Influences of two-parameter elastic foundations on nonlinear free vibration of anisotropic shallow shell structures with variable parameters

Sofiyev A. H., Turan F., Kadioglu F., Aksogan O., Hui D.

MECCANICA, vol.57, no.2, pp.401-414, 2022 (SCI-Expanded) identifier identifier

  • Publication Type: Article / Article
  • Volume: 57 Issue: 2
  • Publication Date: 2022
  • Doi Number: 10.1007/s11012-021-01439-8
  • Journal Name: MECCANICA
  • Journal Indexes: Science Citation Index Expanded (SCI-EXPANDED), Scopus, Aerospace Database, Applied Science & Technology Source, Communication Abstracts, Compendex, Computer & Applied Sciences, INSPEC, Metadex, zbMATH, Civil Engineering Abstracts
  • Page Numbers: pp.401-414
  • Keywords: Heterogeneity, Anisotropy, Shallow shell structures, Two-parameter foundation model, Nonlinear frequency, ORTHOTROPIC CYLINDRICAL-SHELLS, SPHERICAL-SHELLS, PLATES
  • Istanbul Technical University Affiliated: Yes


The article presents the results of research on nonlinear vibrations of heterogeneous anisotropic shallow shell structures resting on elastic foundations defined by two-parameter model proposed by Pasternak.
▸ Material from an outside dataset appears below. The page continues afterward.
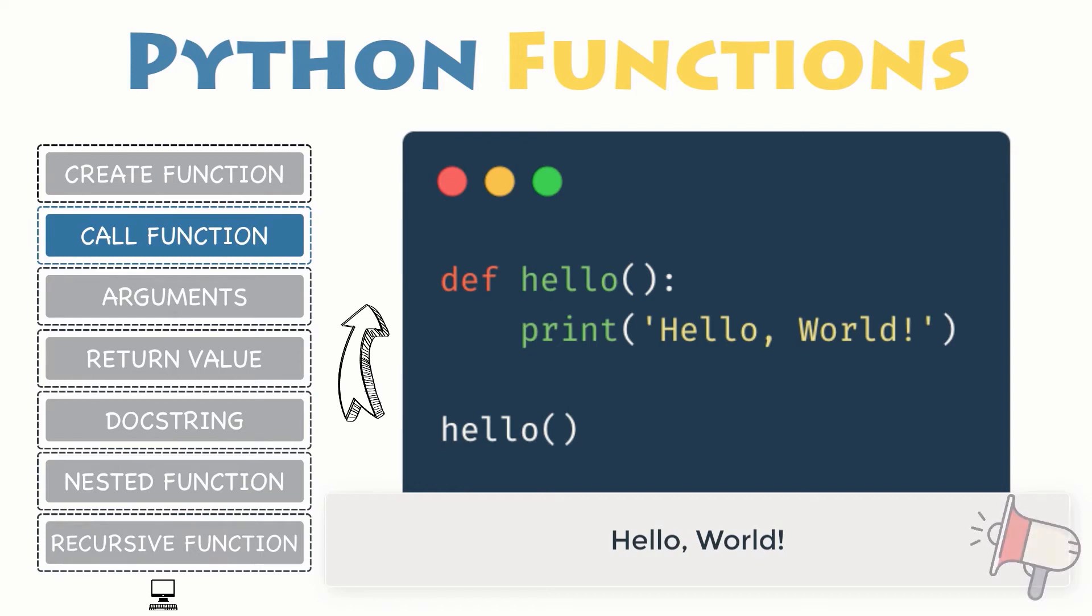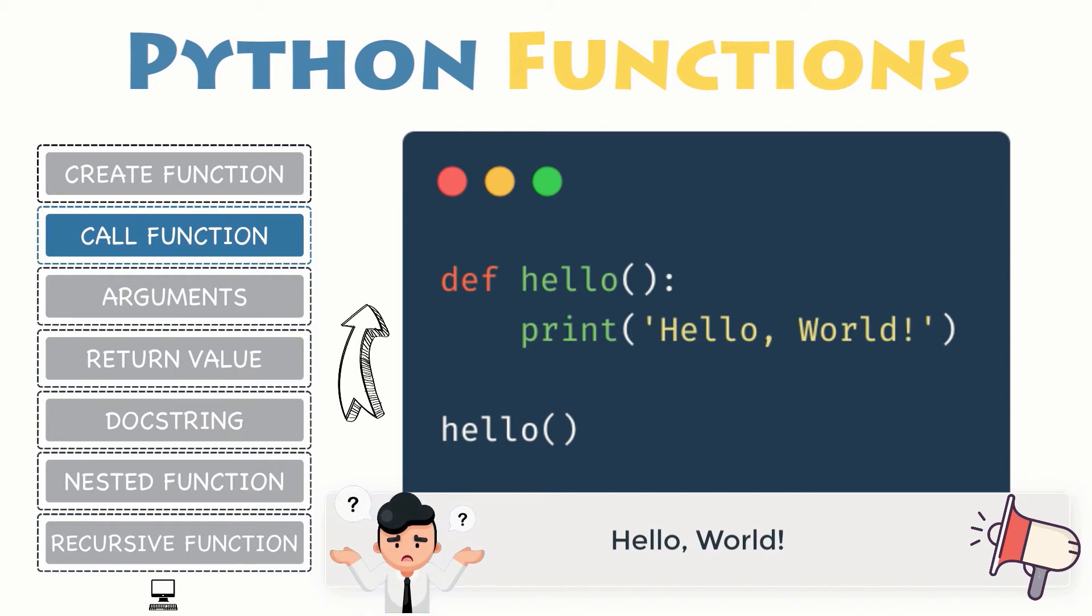Awesome, you can now define your own block of code in Python, also known as function. You can call this function from anywhere in your program. But what is the point if this block of code cannot be customized with user-defined values? Well, let's see how arguments work and how to pass these arguments to your function.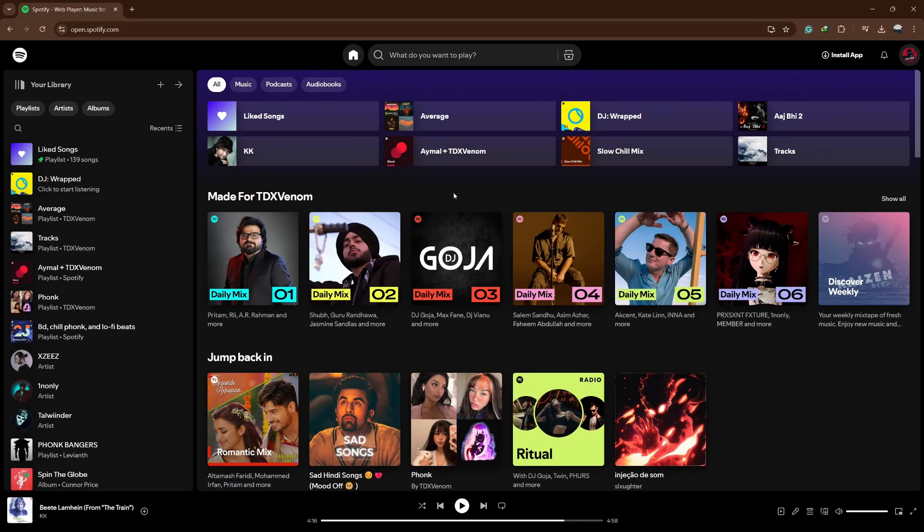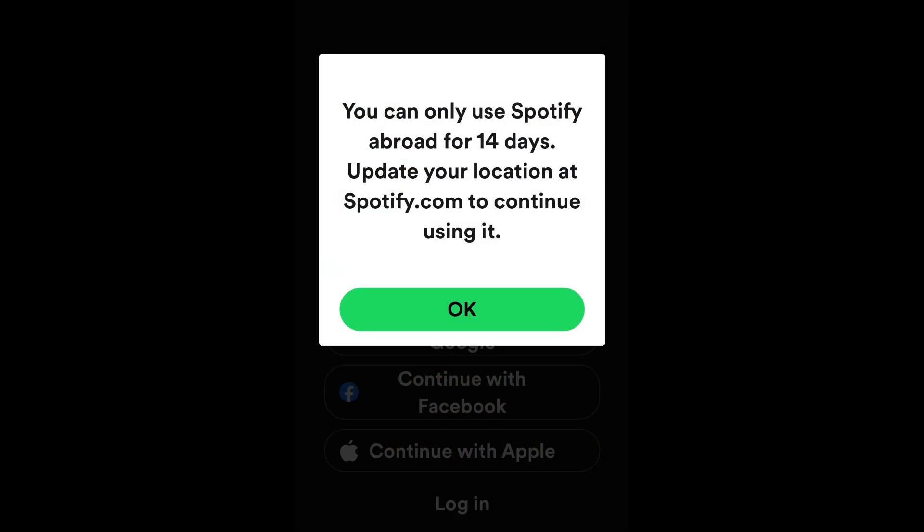Hello everyone. In this video, I will show you how to fix the issue with Spotify that says you can only use Spotify abroad for 14 days.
First, the heterogeneous anisotropic material properties of shells and two-parameter model of elastic foundations are defined. The behavior of heterogeneous anisotropic shallow shell structures is estimated, taking into account nonlinearity of von Karman type for first time. The governing equations are derived taking into account the geometric and physical relationships of heterogeneous or functionally graded anisotropic shell structures and a two-parameter soil model, and then reduced to a nonlinear ordinary differential equation by applying Galerkin method. Depending on the type of sought deflection function, the Airy stress function is found from particular solutions of the inhomogeneous differential equation. The solution of formulated problem is carried out using the semi-inverse method and the frequency-amplitude dependence is obtained for first time. Since double-curved shallow shells can be transformed into spherical and hyperbolic-paraboloid shells, rectangular plate and cylindrical panel in special cases, expressions for nonlinear frequencies can also be used for these structural elements. The reliability of results is verified by comparing them with numerical-analytical solutions in the literature.